Elvis Gratton, par ses paroles remplies de sagesse, nous expose ici une des complexités du peuple du Québec. En effet, notre appellation nationale, le mot servant à nous nommer en tant que peuple, a la rare qualité de changer selon l’époque et de joyeusement mélanger quiconque n’est pas trop familier avec l’histoire. En voici donc une explication chronologique pour vous permettre de vous en sortir un peu mieux que l’ami Gratton.
Français : Les premiers à s’installer ici depuis Jacques Cartier. Comme la colonie n’est pas encore établie durablement, on se rattache évidemment à la France, mère-patrie des premiers à venir planter leur croix dans le coin de Gaspé (dont plusieurs d’origine bretonne).
Canadien : À l’époque de la Nouvelle-France, on commence rapidement à faire la distinction entre les petites natures qui ne font que passer au pays et les vrais durs de durs qui restent de manière permanente. Ceux-ci se nommeront assez tôt Canadiens pour se distinguer des Français dont la culture se fait de plus en plus lointaine. Déjà à la fin du 17e siècle on voit de grandes différences entre les deux peuples, les Canadiens ayant la réputation d’être forts, vigoureux, mais pas mal portés à la débauche. Le nom, comme les gens qu’il désigne, résistera à la Conquête et au régime Anglais.

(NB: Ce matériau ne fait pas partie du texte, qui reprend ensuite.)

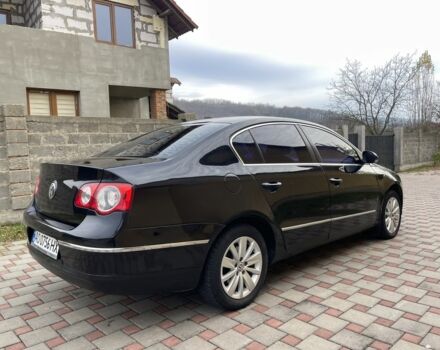 Черный Фольксваген Пассат Вариант, объемом двигателя 2 л и пробегом 287 тыс. км за 5250 $, фото 4 на Automoto.ua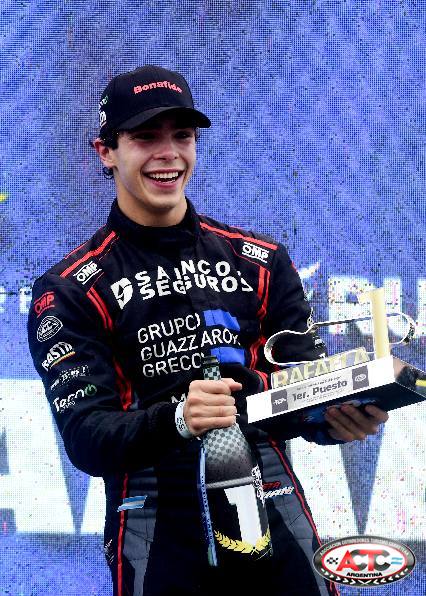 7° Fecha TC PISTA GRAN PREMIO RAFAELA- RUS AGRO Trofeo en juego AFA 8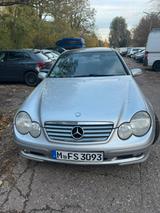 Mercedes-Benz C 200 Kompressor - Mercedes-Benz 200 aus 2002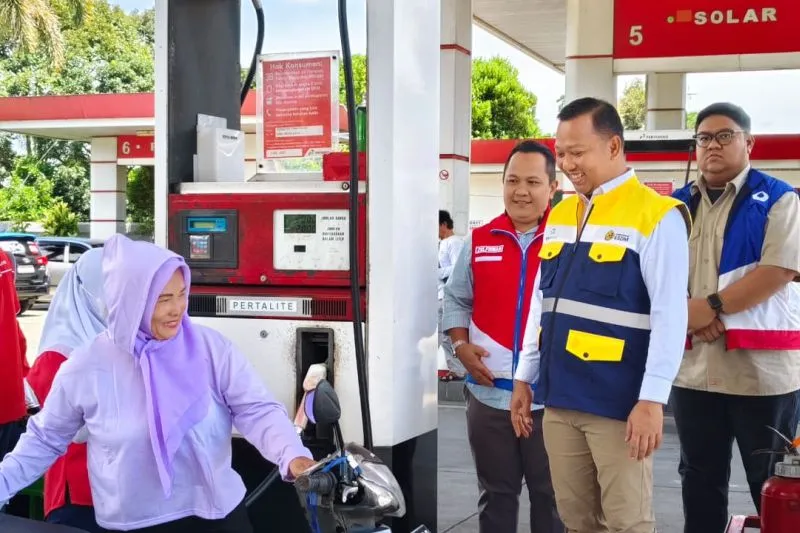 BPH Migas Jamin Pasokan BBM untuk Arus Balik Aman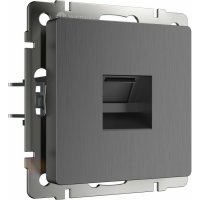 Розетка Ethernet WERKEL WL04-RJ-45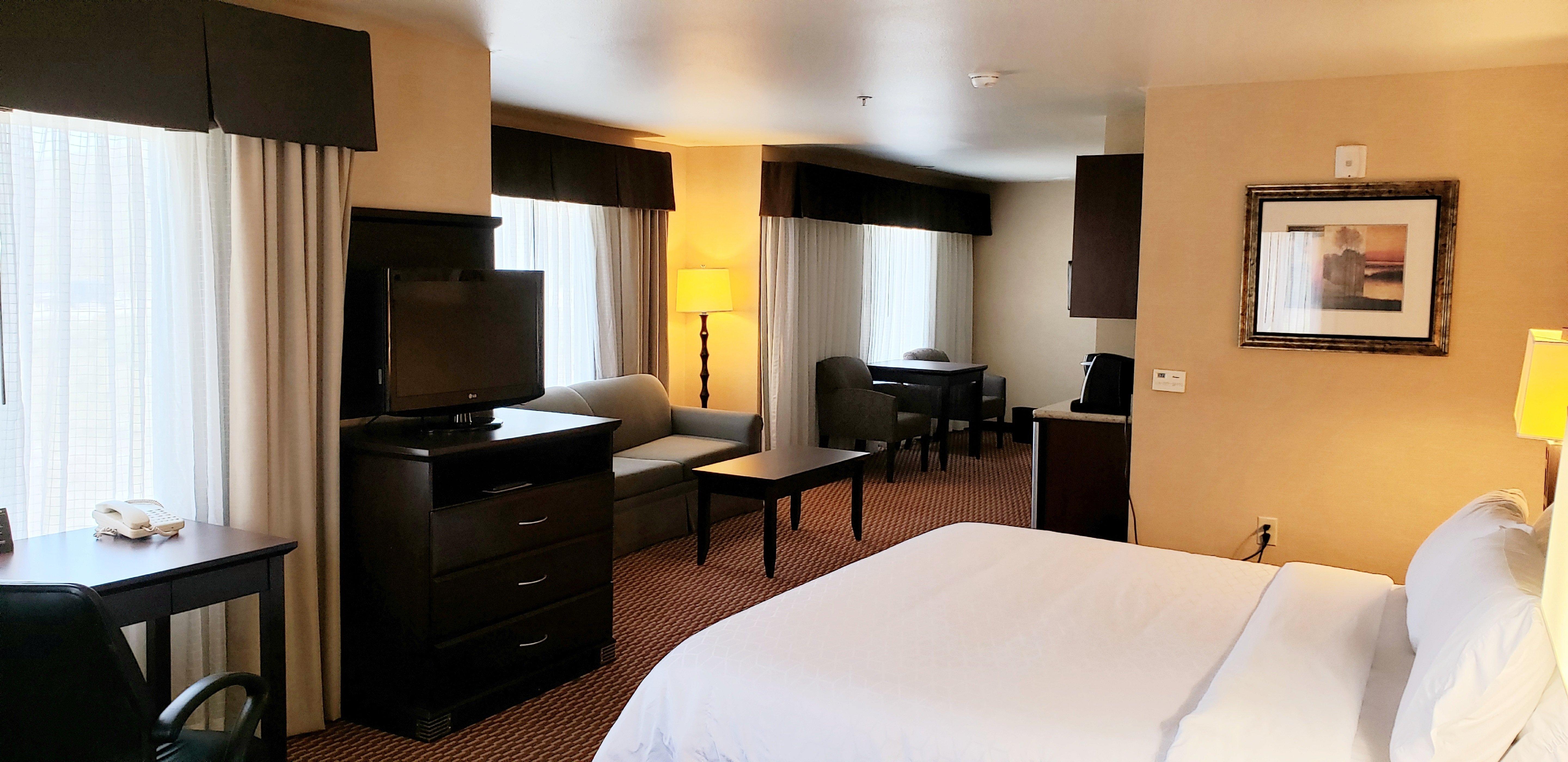 Lebec Holiday Inn Express & Suites Frazier Park By Ihg מראה חיצוני תמונה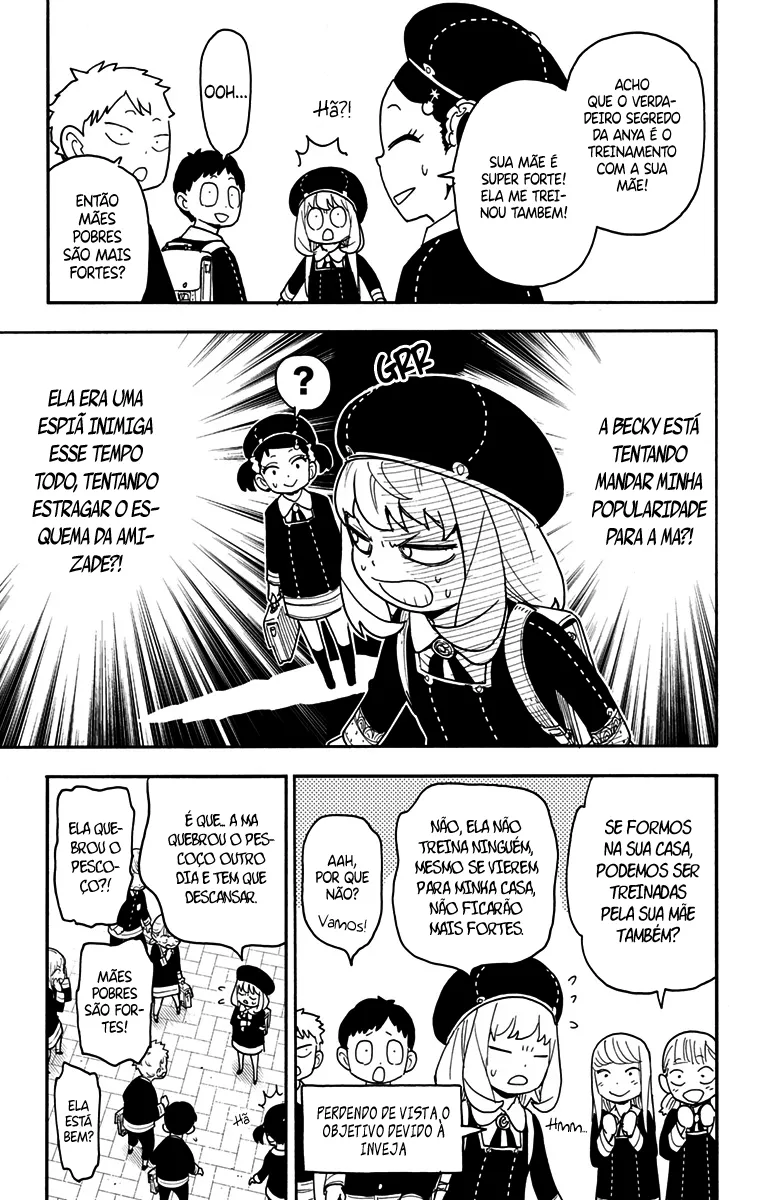 Read SPY x FAMILY PT Manga Online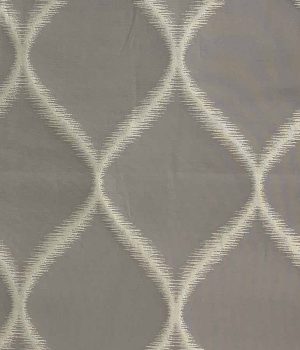 Geo Ikat Mauve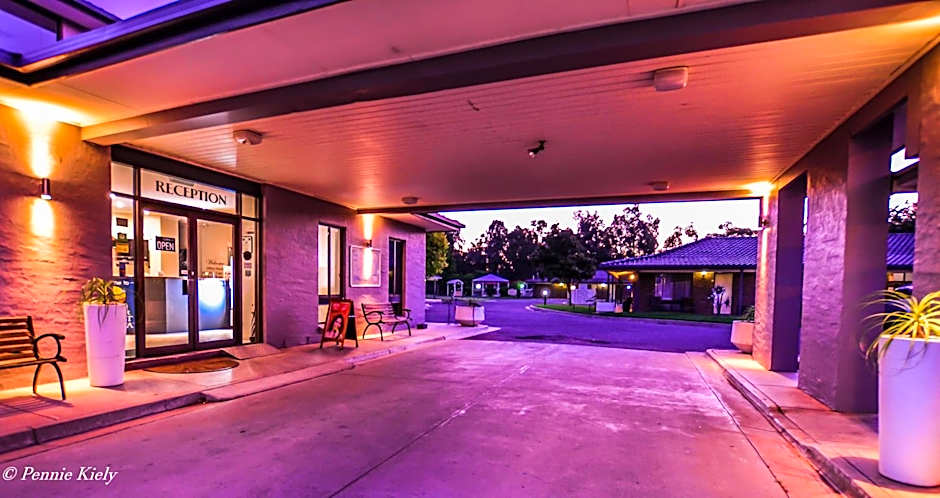 Meninya Palms Resort Moama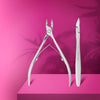 Staleks Profesional cuticle nippers Pro Expert 90, 7 mm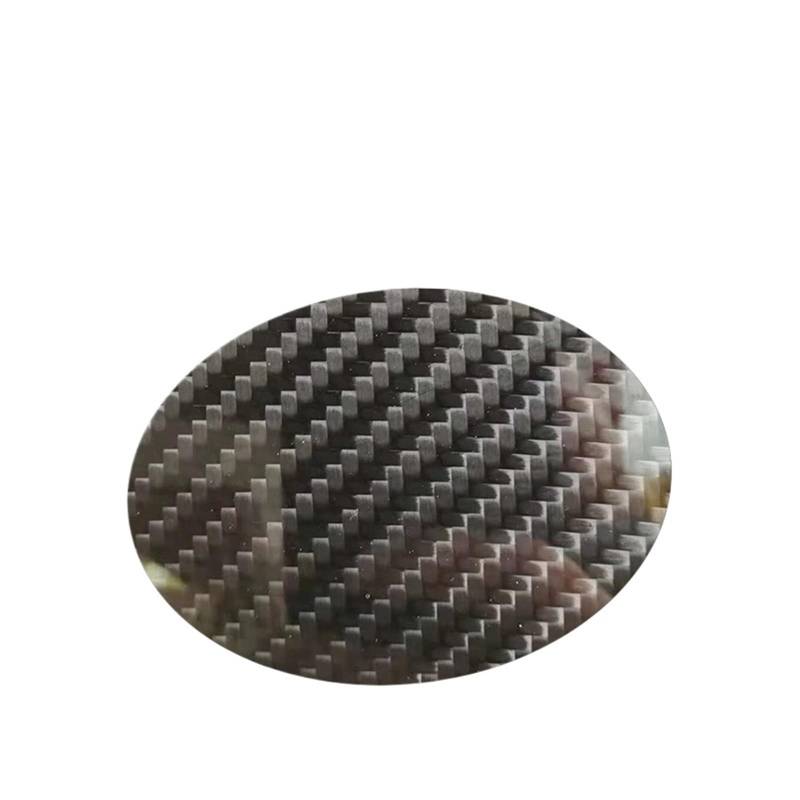 Carbon Fiber/FRP Front Stoßstange Motor Abdeckung Motorhaube Kompatibel for Mustang 15-17 Auto Body Kit(Carbon Fiber) von EPNYWJTE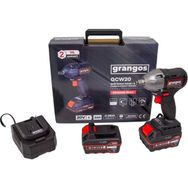 Grangos GCW20-F2 20 V 5 Ah Çift Akülü Somun Sıkma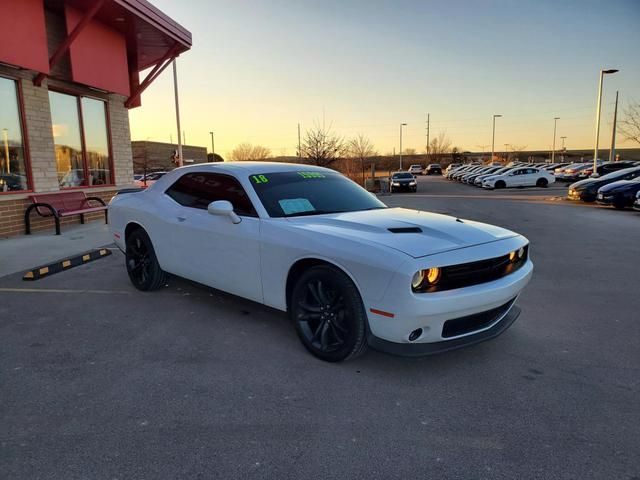 2018 Dodge Challenger SXT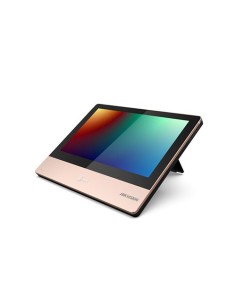 Hikvision Basic DS-K7R83X Hikbasic. Botão digital compatível apenas com mobília da Hikvision (consulte a compatibilidade).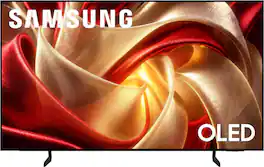 65” Class S84H Series OLED 4K UHD Samsung Vision AI Smart Tizen TV 2026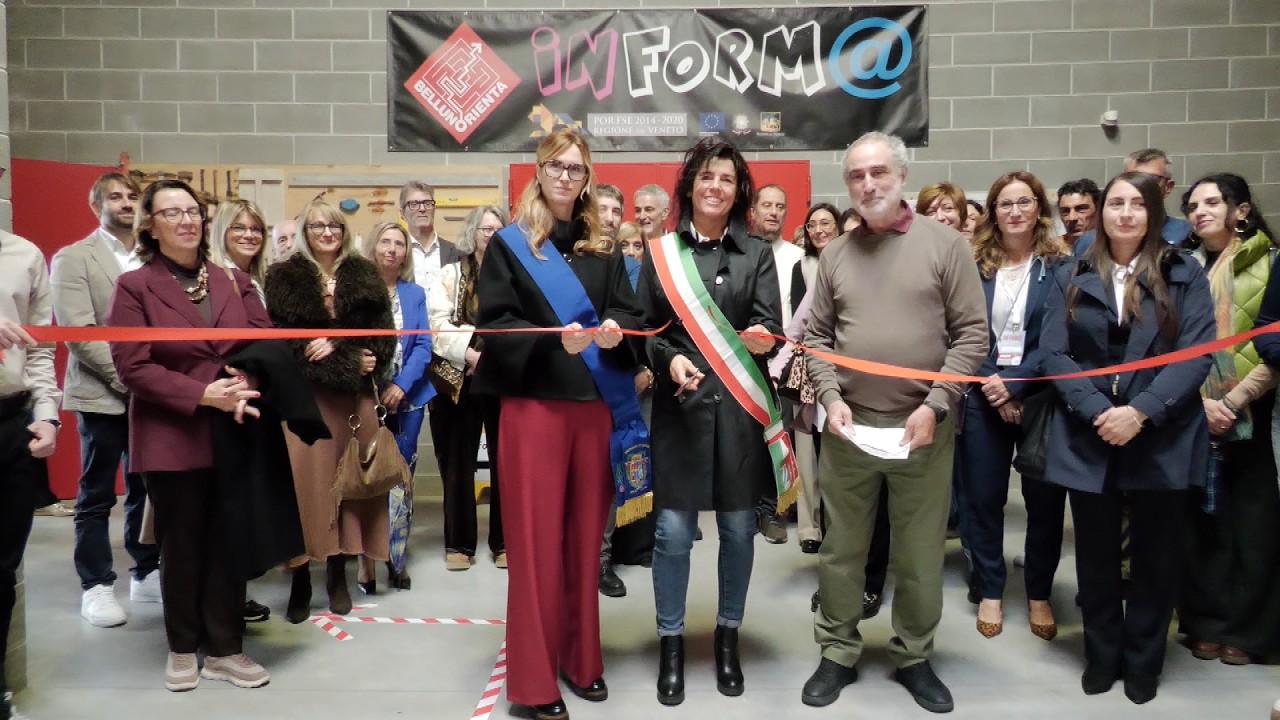Orientamento scolastico a Sedico: così i giovani scelgono il proprio futuro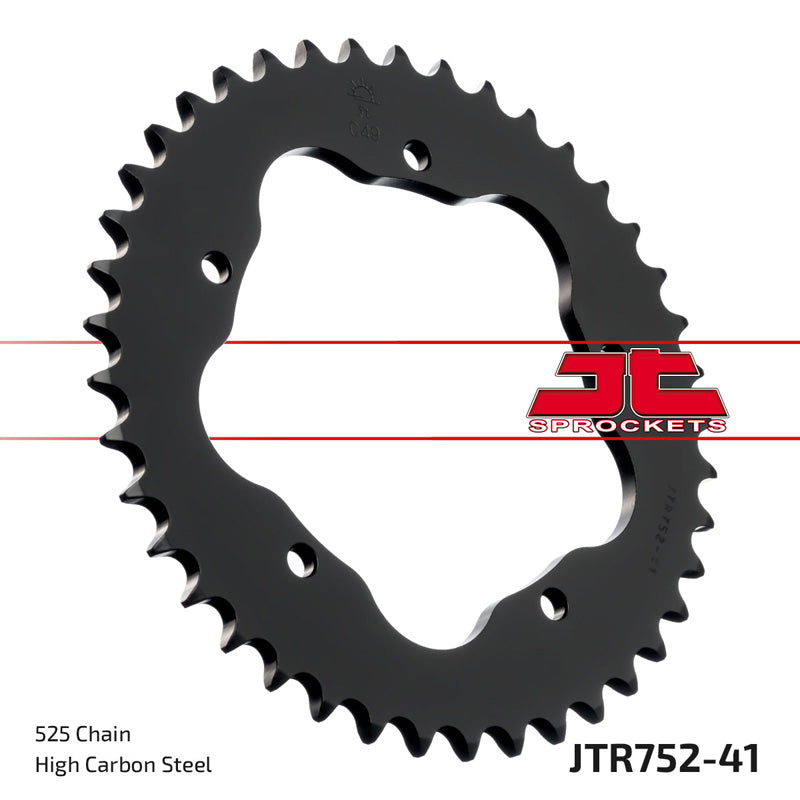 SPROCKET REAR 525 41T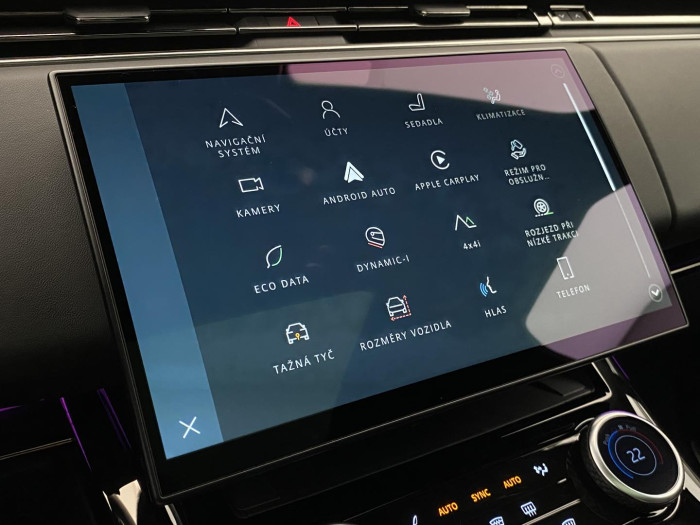 Land Rover Range Rover Sport D350 FIRST EDITION AWD CZ 3.0 d Edition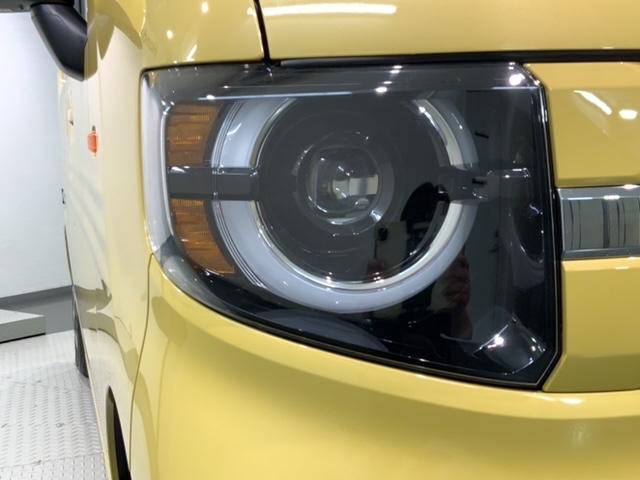 Ｎ－ＶＡＮ ファン　Ｈ　ＳＥＮＳＩＮＧ　新車保証　試乗車　ワンオ－ナ－　ナビＶＸＭ－２４５ＺＦＥｉ　ＴＶ　Ｒカメラ　ＢＴオ－ディオ　ＥＴＣ　ＬＥＤライト　ＶＳＡ　スマ－トキ－　スペアキー　盗難防止装置　整備記録簿　ＡＡＣ（8枚目）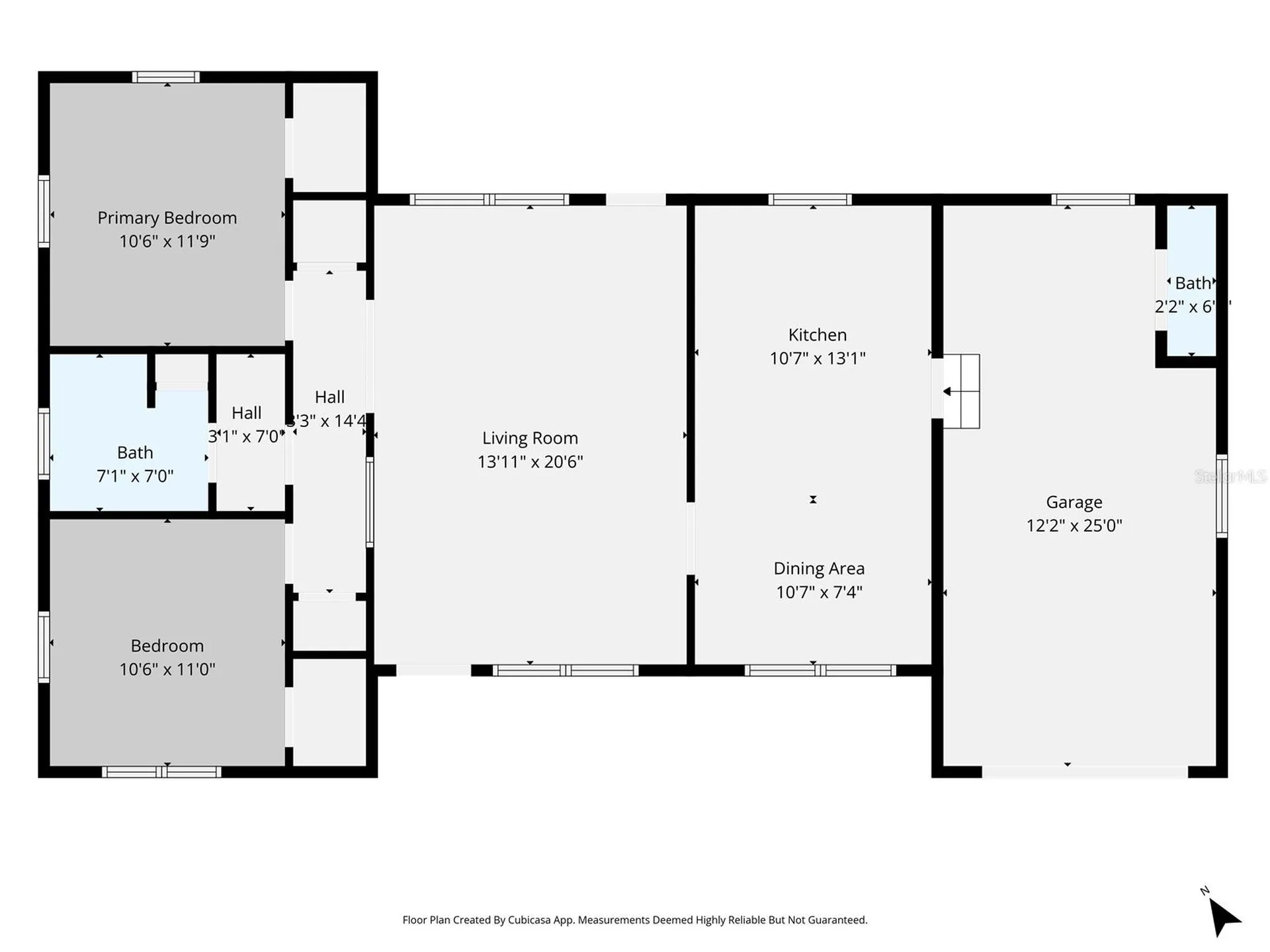 869 53rd Avenue S St Petersburg FL 33705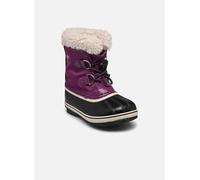 Sorel - Stiefel CHILDRENS YOOT PAC™ NYLON WP - Violett - Größe 29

Haut/Bas-Canadien : En 1791 on crée le Haut et le Bas-Canada. Ceux-ci correspondent grosso-modo à l’Ontario et au Québec, respectivement. C’est à partir de ce moment que les Anglais, qui n’avait jusqu’à alors aucun lien avec le terme ‘’Canadien’’ commencèrent à aussi s’approprier l’appellation. Comme quoi en plus de prendre notre castor, notre hymne et notre érable, il leur aura fallu notre nom !
Canadien-Français : Comme les Anglais se sont entiché du nom ‘’Canadien’’, il faut préciser le terme pour être bien clair sur l’origine de celui qu’on appelle. À l’époque on peut aussi utiliser le très poétique ‘’Canayen’’. Cela représente encore une fois les habitants du Québec étant d’origine française.
Québécois : Depuis la Révolution Tranquille, dans les années 60, nous sommes Québécois. Le mot ne désigne alors plus systématiquement les ‘’de souche’’ d’origine française, mais quiconque se ralliant à la culture québécoise et vivant sur le territoire du Québec. Le terme est moins spécifique, mais plus inclusif. On peut bien sûr y voir un certain sens politique (on pourrait écrire bien des textes juste sur le sujet), bien qu’il s’agisse aussi d’affirmation nationale.
Il faut noter que plusieurs de ces mots ont aujourd’hui une signification différente du contexte historique. Le Canadien d’autrefois est l’ancêtre du Québécois modèle 2012, mais pas du Canadien d’aujourd’hui !
Sources : Plusieurs livres de Jacques Lacoursière, dont ‘’Une histoire du Québec’’ et ‘’Canada-Québec 1534-2000’’ ainsi que ‘’Les Québécois’’ de Marcel Rioux. L’extrait vidéo est tiré du cultissime ‘’Elvis Gratton, le king des kings’’ de Pierre Falardeau.